Une relation particulière avec Toronto

Le chanteur Prince avait, par ailleurs, une relation particulière avec Toronto, ville où il a déjà vécu et où il a donné l'un de ses derniers spectacles.

L'icône des années 1980 a épousé la Torontoise Manuela Testolini au début des années 2000, et le couple s'est installé dans le quartier Bridle Path.

Ils ont divorcé en juillet 2006, mais le chanteur de Purple Rain n'a apparemment jamais perdu son amour de la Ville Reine.

L'artiste a donné deux de ses derniers concerts dans la métropole canadienne le mois dernier, quelques jours après en avoir présenté deux au Théâtre Maisonneuve de la Place des Arts à Montréal.

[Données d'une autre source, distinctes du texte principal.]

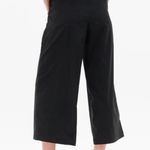 Athleta ST Midday Mid Rise Crop Poplin Wide Leg Pant Black Small Tall Photo 2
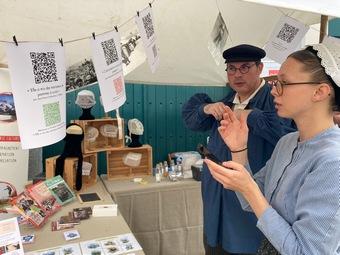 Iconographie - Stand de l'OPCI à Autrefois Challans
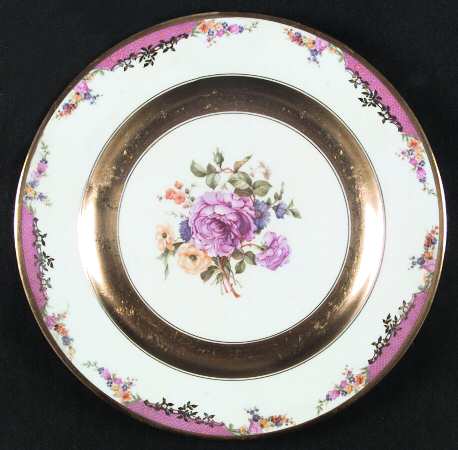Queen's Rose (Wide Gold Inner Band) by Rosenthal - Continental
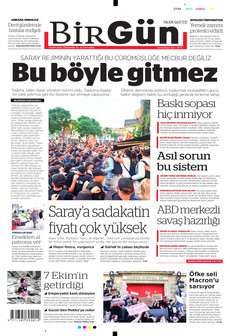 BİRGÜN 7 Ekim 2026 gazete manşeti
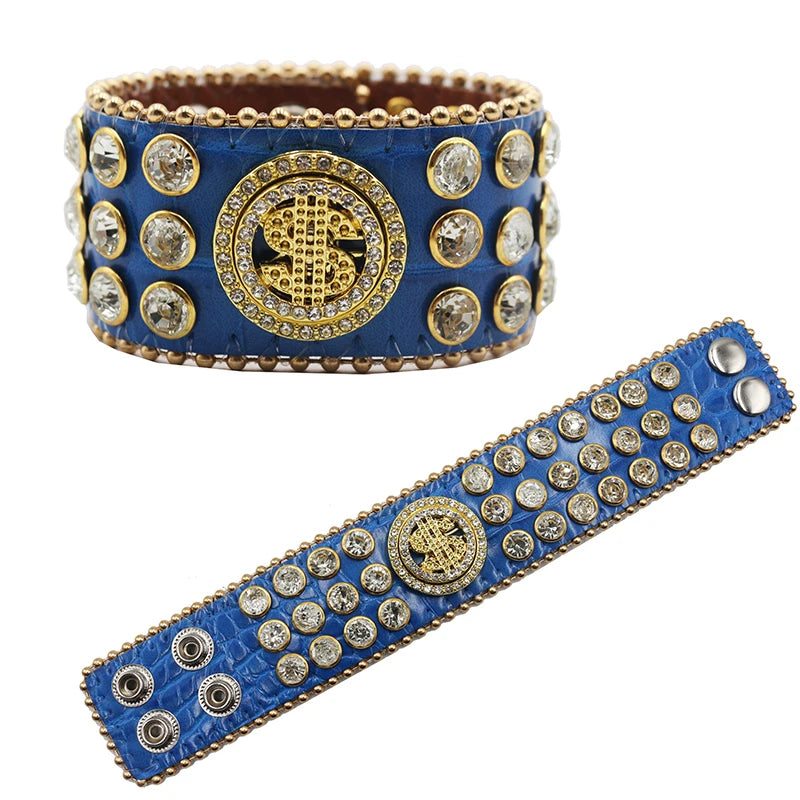 Decompression Rhinestone Bracelet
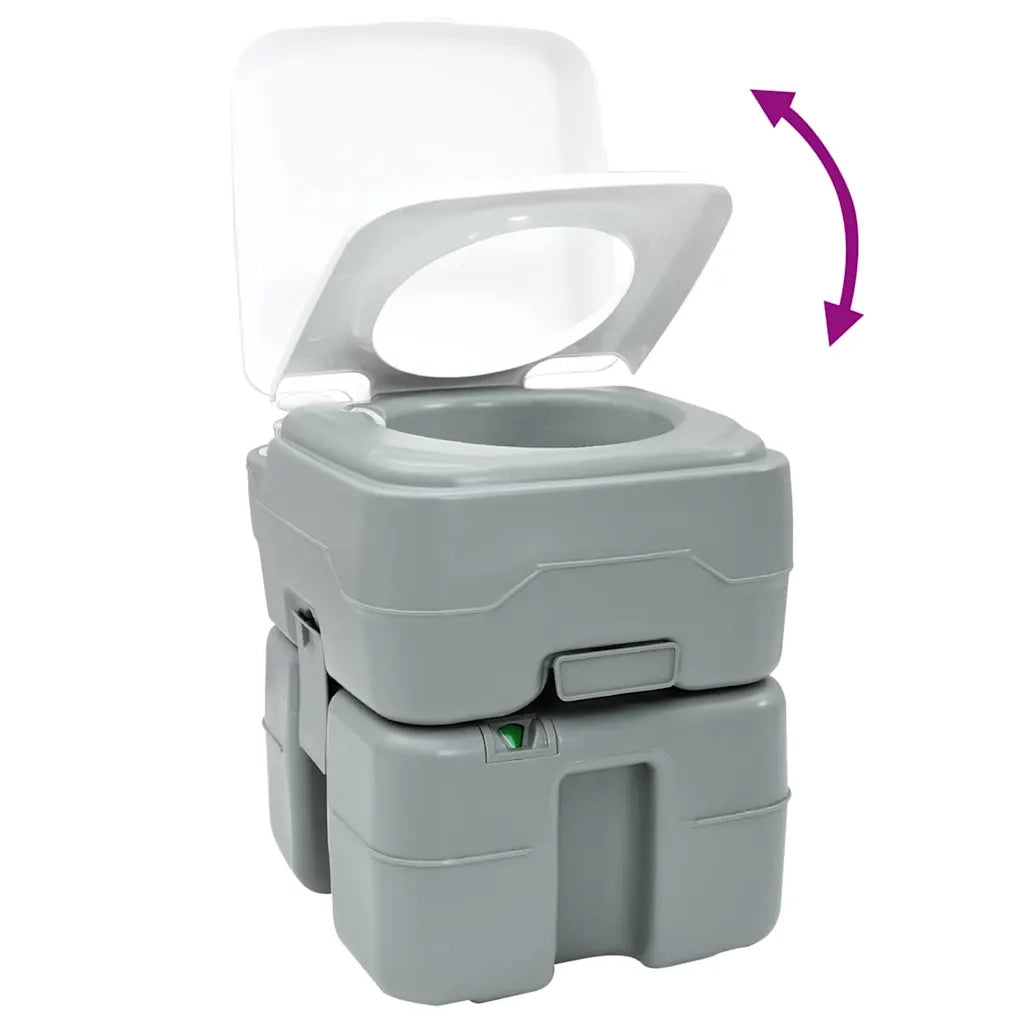 Toilette da Campeggio Grigio 41,5 x 36,5 x 42 cm 42001429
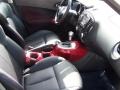 Black/Red Leather/Red Trim 2012 Nissan Juke SL AWD Interior Color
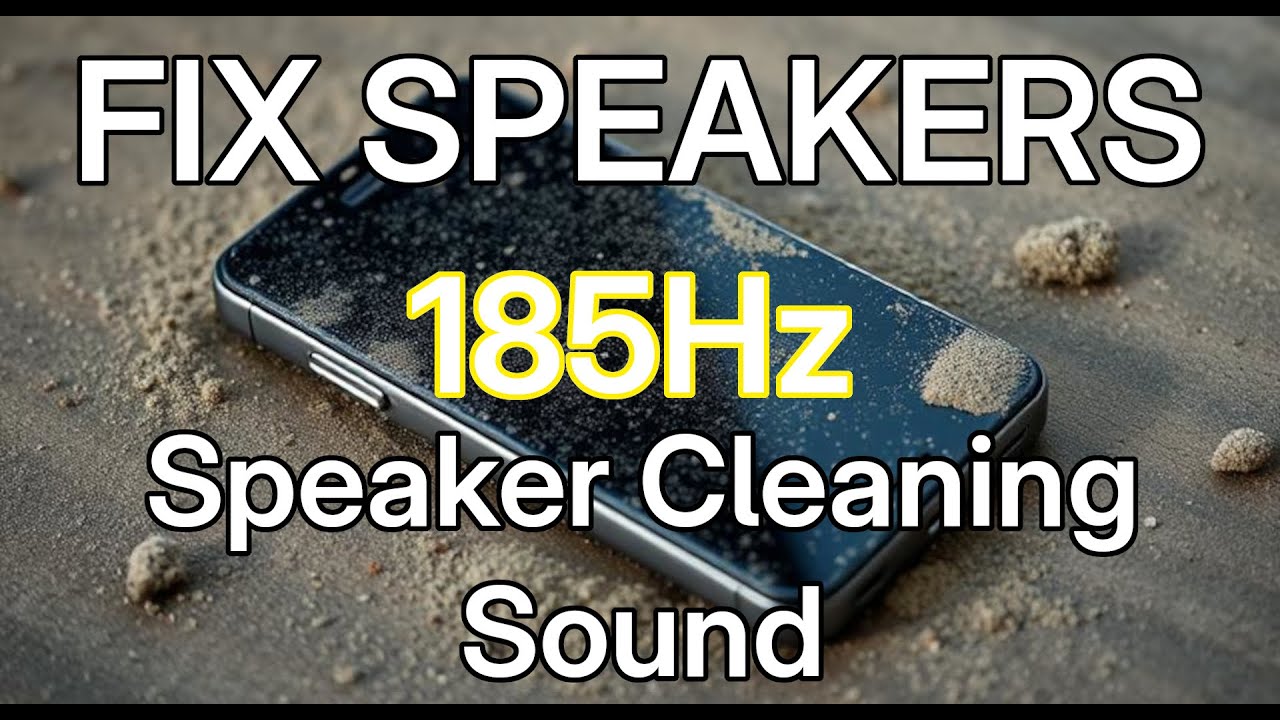 Speaker Cleaning Sound [185 Hz]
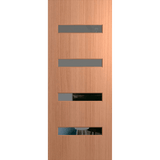 Wooden door with gray slats. BFR405SPMGrey.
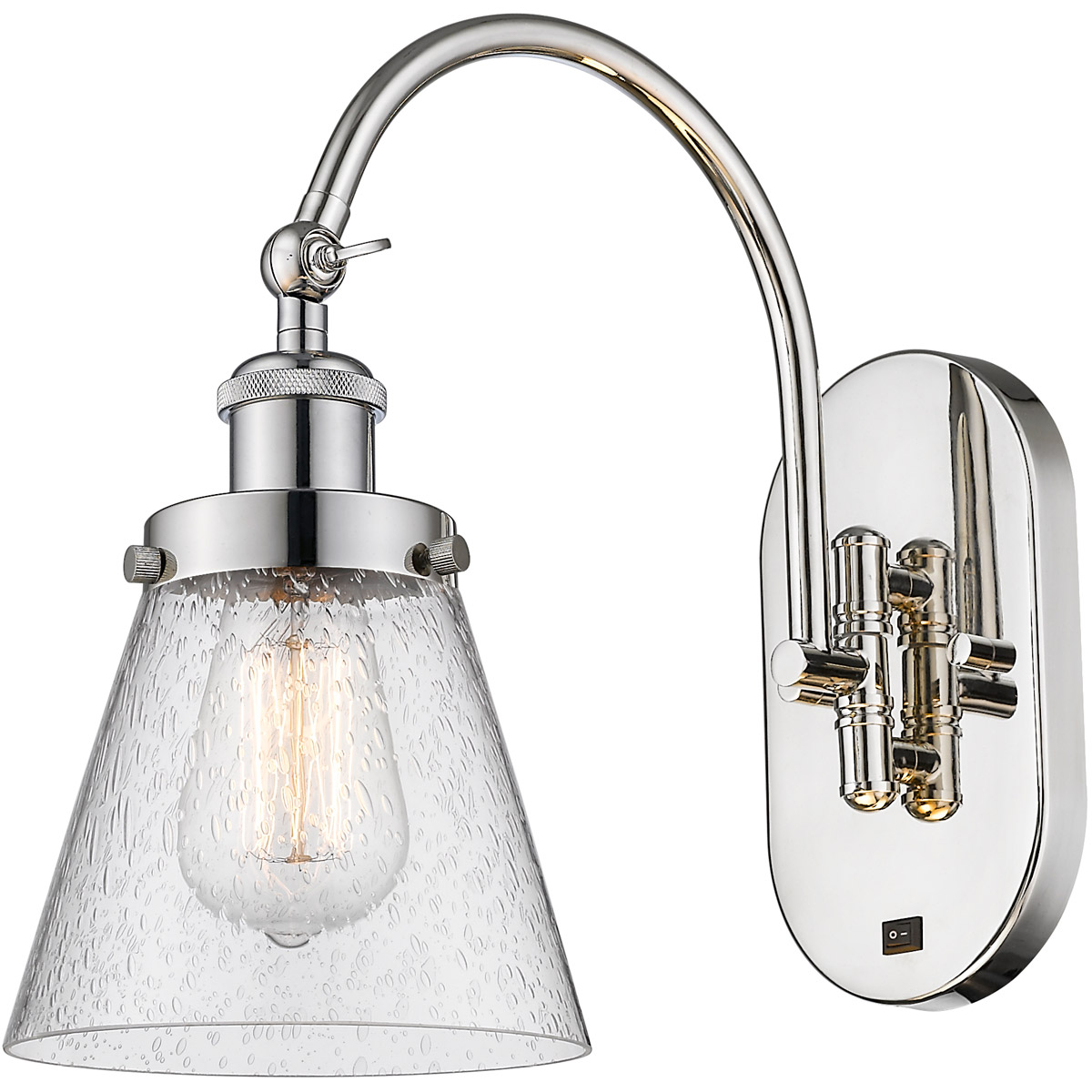 Franklin Restoration Cone 1 Light 6 inch Polished Nickel Sconce Wall Light
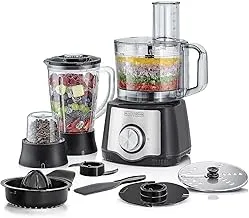 Black+Decker 600 W 29 Function Food Processor with Blender, Mill and Juicer, Black, FX650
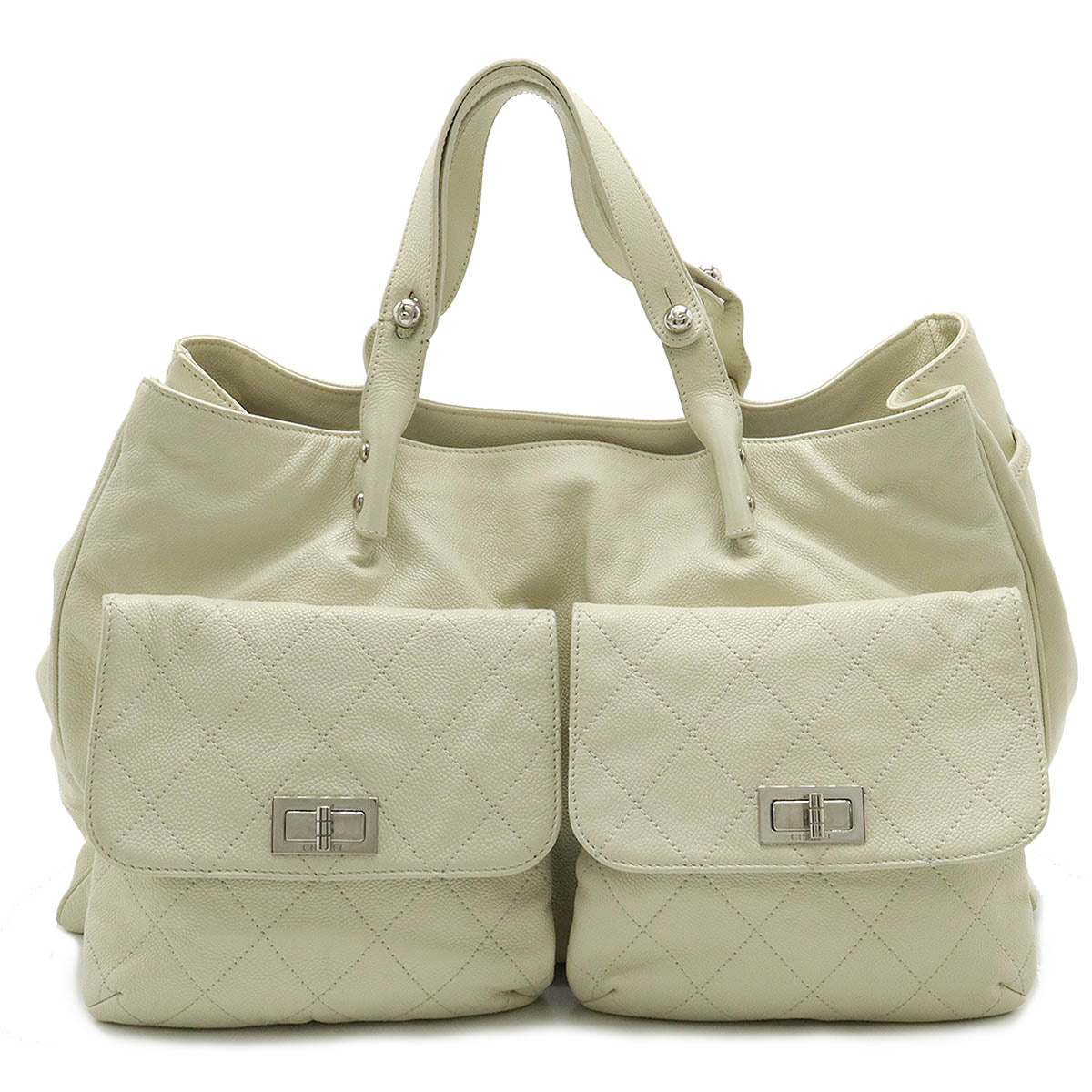 Chanel Caviar Skin 2.55 Matelasse Tote Bag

Il avait alors offert de nouvelles interprétations des succès de sa longue et prolifique carrière, de même que des reprises.

Ses spectacles - deux le même soir - avaient été suivis d'un après-concert impromptu dans un club du centre-ville torontois.

«J'adore Toronto», avait-il dit à La Presse Canadienne en 2004, après un spectacle de deux heures présenté à Jacksonville, en Floride.

«C'est une ville cosmopolite, avait-il poursuivi. Il y a toutes sortes de gens différents, partout où vous allez à Toronto, ils y a toutes sortes de bonne musique, de grands restaurants, de bonnes boîtes de nuit qui ne proposent pas un programme musical américain, mais plutôt des listes musicales que j'apprécie vraiment.»

C'est pendant son passage à Toronto qu'il a enregistré l'album Musicology, encensé par la critique.

À l'époque, la légende du funk, du rock et du r&b avait parlé de la tendance du Canada à ignorer l'industrie du disque américaine.

«Musicology est le premier album que j'enregistre à Toronto et je peux vraiment sentir la différence. Il a un son complètement unique qui vient du fait qu'on n'y tient aucunement compte de ce qui se passe dans la musique américaine et du fonctionnement de l'industrie musicale américaine. (L'album) ne sonne comme rien d'autre qui existe en ce moment», avait-il déclaré.

Prince a été retrouvé mort jeudi à son domicile de Minneapolis. Il avait 57 ans.